PROBLEM DETAILS: Write the entries out again. Each one must match exactly.

DATA FOR THIS TASK:

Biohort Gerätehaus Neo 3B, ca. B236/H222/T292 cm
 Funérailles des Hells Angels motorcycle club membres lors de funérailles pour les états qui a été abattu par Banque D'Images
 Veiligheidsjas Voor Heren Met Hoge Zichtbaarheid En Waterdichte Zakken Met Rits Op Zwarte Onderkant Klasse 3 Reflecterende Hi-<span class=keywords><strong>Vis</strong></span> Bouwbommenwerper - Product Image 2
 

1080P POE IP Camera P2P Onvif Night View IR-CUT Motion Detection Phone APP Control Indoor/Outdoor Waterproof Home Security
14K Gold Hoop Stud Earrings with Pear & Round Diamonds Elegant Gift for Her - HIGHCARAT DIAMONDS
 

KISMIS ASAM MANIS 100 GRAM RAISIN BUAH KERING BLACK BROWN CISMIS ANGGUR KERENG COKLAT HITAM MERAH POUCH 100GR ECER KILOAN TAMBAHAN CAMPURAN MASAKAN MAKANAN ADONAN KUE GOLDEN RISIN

RESULT OF THE TASK:
Biohort Gerätehaus Neo 3B, ca. B236/H222/T292 cm
 Funérailles des Hells Angels motorcycle club membres lors de funérailles pour les états qui a été abattu par Banque D'Images
 Veiligheidsjas Voor Heren Met Hoge Zichtbaarheid En Waterdichte Zakken Met Rits Op Zwarte Onderkant Klasse 3 Reflecterende Hi-<span class=keywords><strong>Vis</strong></span> Bouwbommenwerper - Product Image 2
 

1080P POE IP Camera P2P Onvif Night View IR-CUT Motion Detection Phone APP Control Indoor/Outdoor Waterproof Home Security
14K Gold Hoop Stud Earrings with Pear & Round Diamonds Elegant Gift for Her - HIGHCARAT DIAMONDS
 

KISMIS ASAM MANIS 100 GRAM RAISIN BUAH KERING BLACK BROWN CISMIS ANGGUR KERENG COKLAT HITAM MERAH POUCH 100GR ECER KILOAN TAMBAHAN CAMPURAN MASAKAN MAKANAN ADONAN KUE GOLDEN RISIN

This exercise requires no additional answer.